Ein Football-Fan, der selbst lieber über Hürden sprintet

Montag, 03. Mai 2021


Gavin Claypool (16) ist ein großes Talent im Hürdensprint. Und Berlins Nachwuchssportler des Monats April

Riesengroß war die Freude bei Gavin Claypool und sei­nem Trainer Willi Mathiszik, als sie auf die Anzeigetafel schau­ten. Beim Einladungssportfest in Chemnitz hat­te der 16-Jährige Anfang Februar die Bestzeit sei­ner Altersklasse über 60 Meter Hürden auf 7,80 Sekunden ver­bes­sert. Um genau eine Hundertstel war Claypool schnel­ler als Stefan Volzer 2016. Jener Stefan Volzer aus Fellbach hat­te den U18-Rekord aus­ge­rech­net Willi Mathiszik ent­ris­sen, der ihn zuvor seit 2001 gehal­ten hat­te. „Es ist sehr schön, dass Gavin die Bestzeit zurück in unse­re Trainingsgruppe geholt hat“, freut sich der Coach. Sein schnel­ler Lauf bescher­te dem jun­gen Mann nun auch die Wahl zu Berlins Nachwuchssportler des Monats März.
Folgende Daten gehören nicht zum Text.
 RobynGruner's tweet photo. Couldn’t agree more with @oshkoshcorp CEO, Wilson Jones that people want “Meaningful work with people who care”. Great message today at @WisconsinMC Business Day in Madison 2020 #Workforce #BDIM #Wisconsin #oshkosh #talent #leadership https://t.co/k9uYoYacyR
Claypool wurde 2019 auch schon deutscher Meister

Der elf­ma­li­ge Berliner Meister star­tet für den SV Preußen Berlin. Vor dem Rekord war sein größ­ter Erfolg der Gewinn des deut­schen Meistertitels 2019 in der Altersklasse U16 über 80 Meter Hürden. Die Disziplin mit den Hindernissen auf der Strecke hat es ihm beson­ders ange­tan, „weil es nur einen Lauf gibt, wo alles ent­schei­dend sein kann in 13 Sekunden“. Ein klei­ner tech­ni­scher Fehler, ein etwas zu kur­zer oder zu lan­ger Schritt kann das Aus bedeu­ten. „Man muss alles sehr per­fek­tio­nie­ren“, erklärt der jun­ge Mann.
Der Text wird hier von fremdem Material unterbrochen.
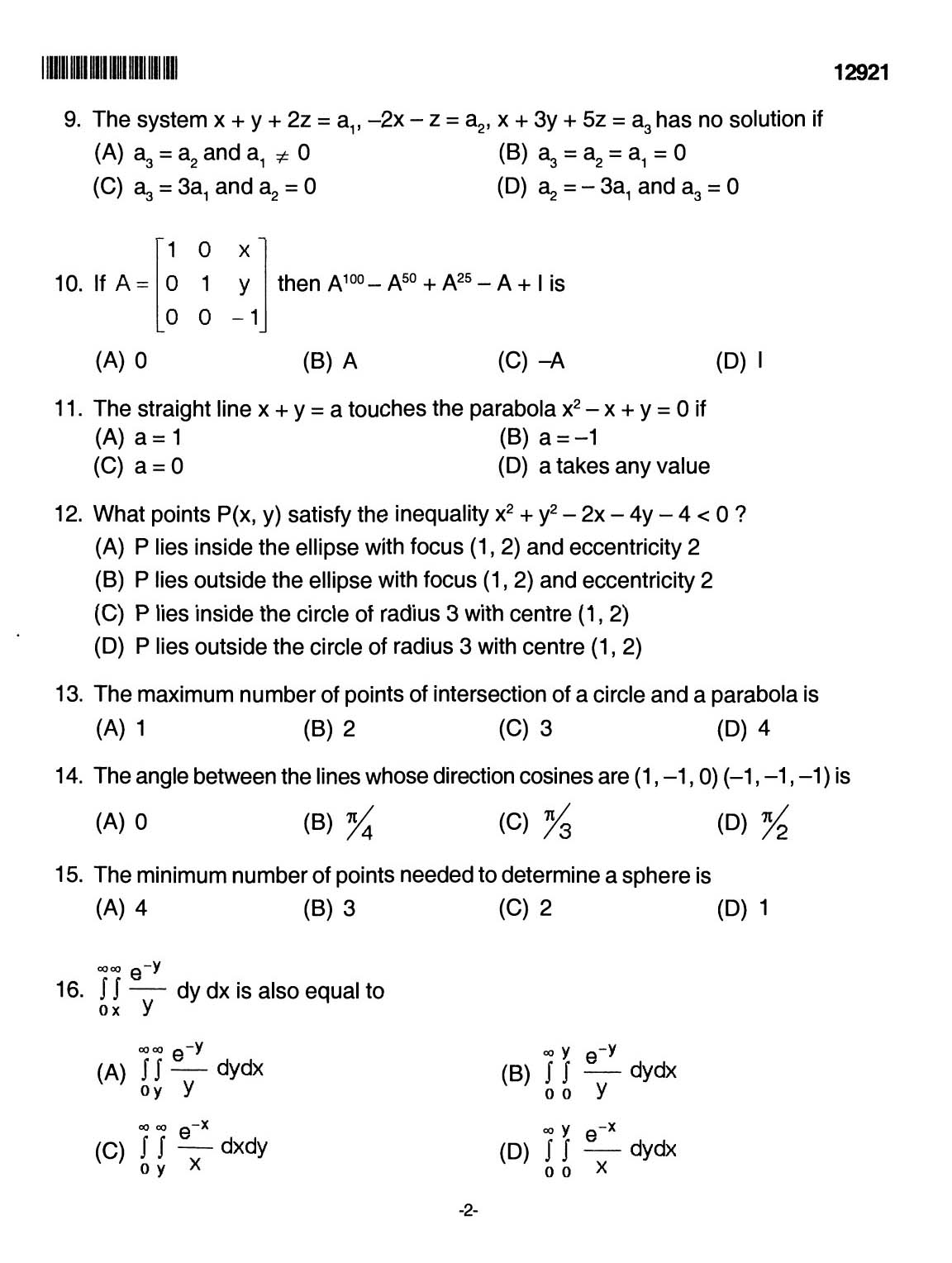 Kerala SET Mathematics Exam 2012 Question Code 12921 2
Laut Mathiszik bringt sein Schützling vie­les mit, eine erfolg­rei­che Karriere zu durch­lau­fen. „Gavin ist ein Sportler, wie man ihn sich wünscht“, sagt er, „ist enorm talen­tiert, ehr­gei­zig und moti­viert. Er kann Dinge schnell umset­zen und will danach gleich mehr. Er ver­folgt kla­re Ziele.“ Welches gro­ße Ziel, ist klar. „Die Olympischen Spiele 2024 wären schön“, sagt Gavin Claypool selbst­be­wusst, „2028 wür­de aber auch pas­sen.“ Paris oder Los Angeles – Hauptsache ein­mal dabei sein beim bedeu­tends­ten Sportereignis der Welt. Und er ist ja noch sehr jung.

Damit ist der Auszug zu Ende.